(Reuters) - The euro slashed gains on Tuesday to trade flat on the day, pressured by the European Central Bank's failure to attract enough deposits from banks that would neutralize its purchases of bonds from debt-ridden euro zone countries.

Investors took this news to mean that the central bank had effectively launched a round of quantitative easing since it increased the amount of euros in the market.

The ECB was able to drain just over 194 billion euros, short of the 203.5 billion euros in bond purchases. The shortfall was the ECB's first since May.

The pace of the ECB's government bond purchases picked up last week as the bank spent 8.6 billion euros in its ongoing attempt to calm euro zone debt markets.

Some people are suggesting that the ECB's failure to sterilize its bond purchases this week was a sign of quantitative easing, said Marc Chandler, global head of currency strategy at Brown Brothers Harriman in New York.

In early New York trading, the euro was little changed on the day at $1.33142 after rising nearly 1 percent on the day to a session high of $1.34426 initially on hedge fund buying.

The euro was earlier boosted by an Italian auction that managed to sell government bonds to the market, even though Italy had to pay record high yields of nearly 8 percent.

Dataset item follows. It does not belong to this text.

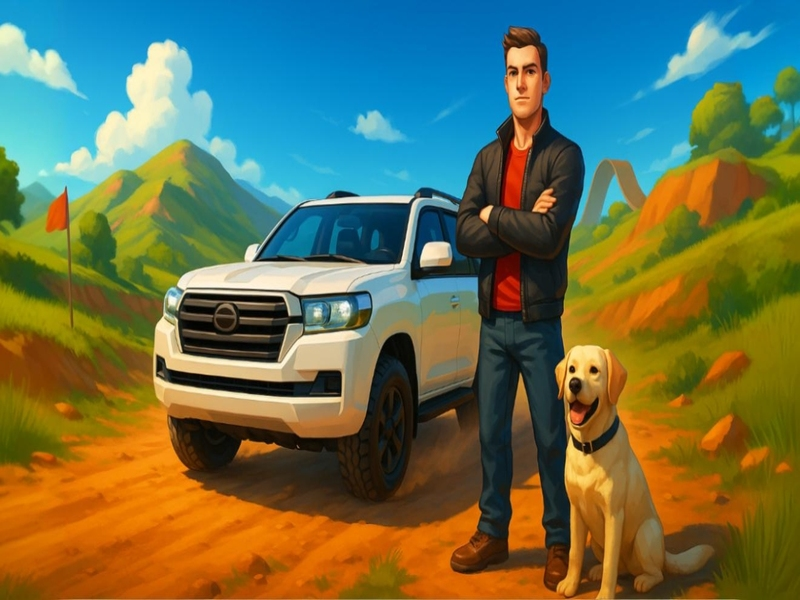 Laro Land Cruiser Offroad Driver online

Italy managed to sell 7.5 billion euros in three- and 10-year government bonds.

The auction though was overshadowed by news on the ECB operations, which had prompted speculation of quantitative easing. Some analysts including Brown Brothers' Chandler believed that this was not easing at all, adding that this imbalance must occur on a continued basis to be considered monetary easing.

If we see a chain of shortfalls, or if that shortfall grows, it would be de facto quantitative easing, said Adam Myers, currency strategist at Credit Agricole CIB.

But it's not QE based on this one event.

Brown Brothers' Chandler said the shortfall in bank deposits could be attributed to other factors including the low yield or the tenor of the instrument.


Investors were wary of holding too many euros before European policymakers are expected to approve details for scaling up the EFSF rescue fund later in the day. Policymakers are also expected to release a vital aid lifeline for Greece.

Strategists warned that the euro remained vulnerable to selling unless investors see concrete action, given they have been disappointed by officials in the past.

Germany and France are reported to be aiming to outline proposals for a fiscal union before a European Union summit on December 9, which a growing number of investors see as perhaps the last chance to avert a breakdown of the common currency area.

The euro showed little reaction to a report on French newspaper La Tribune's website saying Standard & Poor's could change the outlook for France's triple-A rating to negative within the next 10 days.

Perceived riskier currencies rallied on higher equities and the Italian auction results.

The Australian dollar climbed nearly 2 percent to US$1.0078, before pulling back to US$0.9991 after it was unable to break above technical resistance seen around the 21- and 55-day moving averages around US$1.0096-8.

The dollar fell broadly, falling 0.3 percent versus a currency basket .DXY, as earlier gains in the euro had dragged most other major currencies higher against the safe-haven U.S. currency.